She was exploited, violated and then left to mourn for the rest of her life. He was brutal, lived like a wild animal, and died like one. The story of Amnon and Tamar is one of the Old Testament’s foulest. It’s told in unhurried detail, so that we feel the complete outrage of this rape. Don’t look for deeper meanings or lessons in it; it is what is appears to be, a chronicle of shame.
Amnon commits incest and rape. Tamar is devastated (her pleading ignored by her predator, vv.12-15). His wicked heart is shown to be worse still, since he discards the woman he abused as so much rubbish (vv.15-18). Her life is broken.
The first two men whose reactions we encounter seem to have different responses to Tamar. Absalom tries to comfort her, whereas David is furious (vv.20-22). David, however, fails to work out the justice he should as Israel’s King. His silence is the result of his own personal compromise with Bathsheba. Sin robs us of conviction to do the right thing. Absalom plots Amnon’s death, and will do so, even if he waits for two years before he works out his plan.
Vengeance achieved, Absalom flees (v.38). Still, the king’s heart goes after him. The family is, as God promised, living out the bitter fruits of their father’s sin (cf 2 Sam. 12.10). Sexual ruin and bloodshed follow David’s fall in those areas.
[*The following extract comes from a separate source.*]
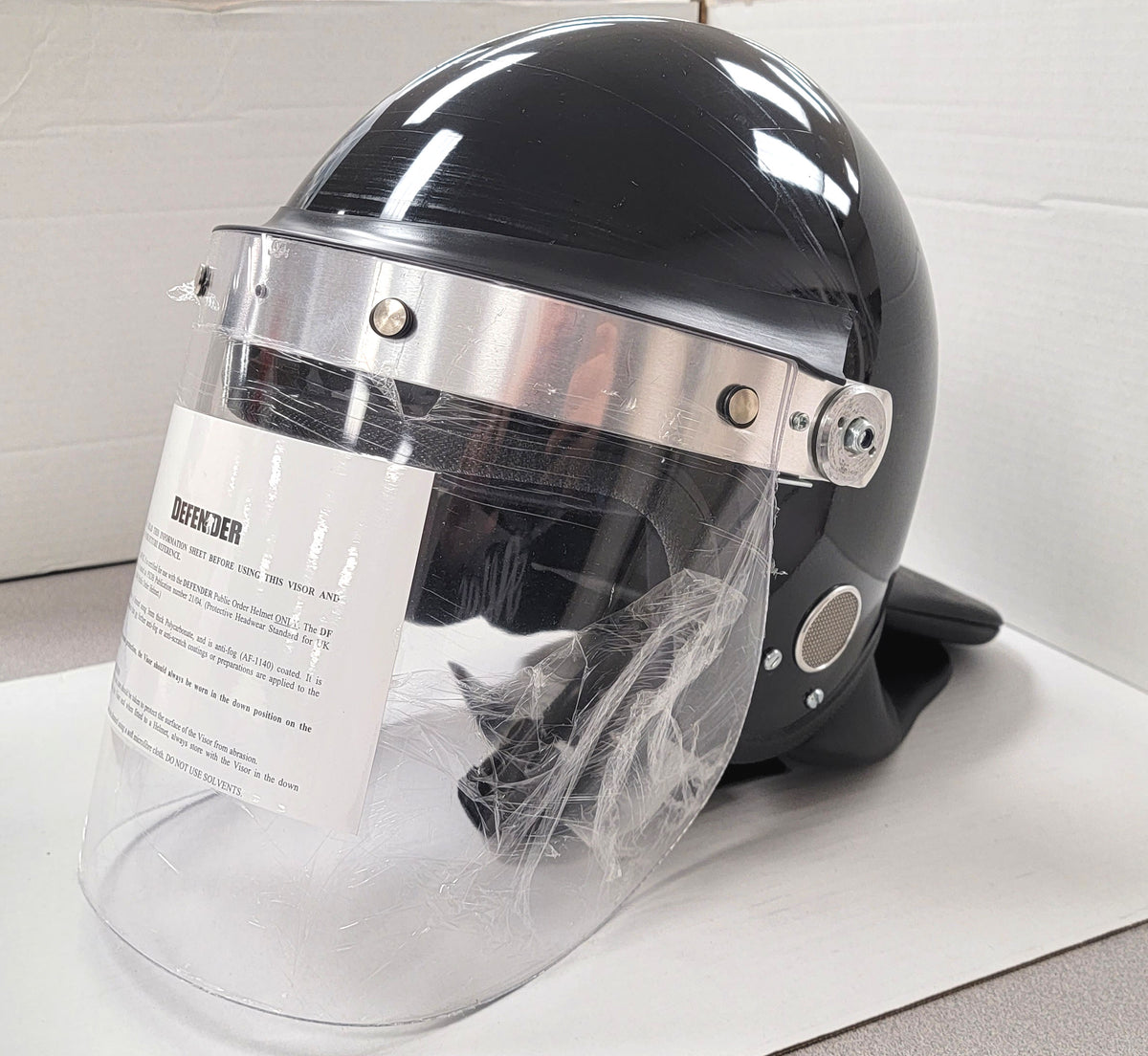 British MLA Defender Riot Control Helmet - Size 0 - NICE!!!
Pity David and his house. Learn from them. Noone can escape sin, not a king, or a prince, and not a poor man, either. We are sinful from our mother’s womb, and we make disastrous choices, and have to live them out (and inflict them on others). You lust, rage, nurse your revenge, and crush others? You need a Saviour. And you have one.
A Prayer to Pray
I hide myself in You, Jesus Christ. You alone can shield me from sin’s destruction, and save me from the judgement my sin deserves. Thankyou that You, though pure, became sin for me. You are my hope alone, and I need no other. Amen.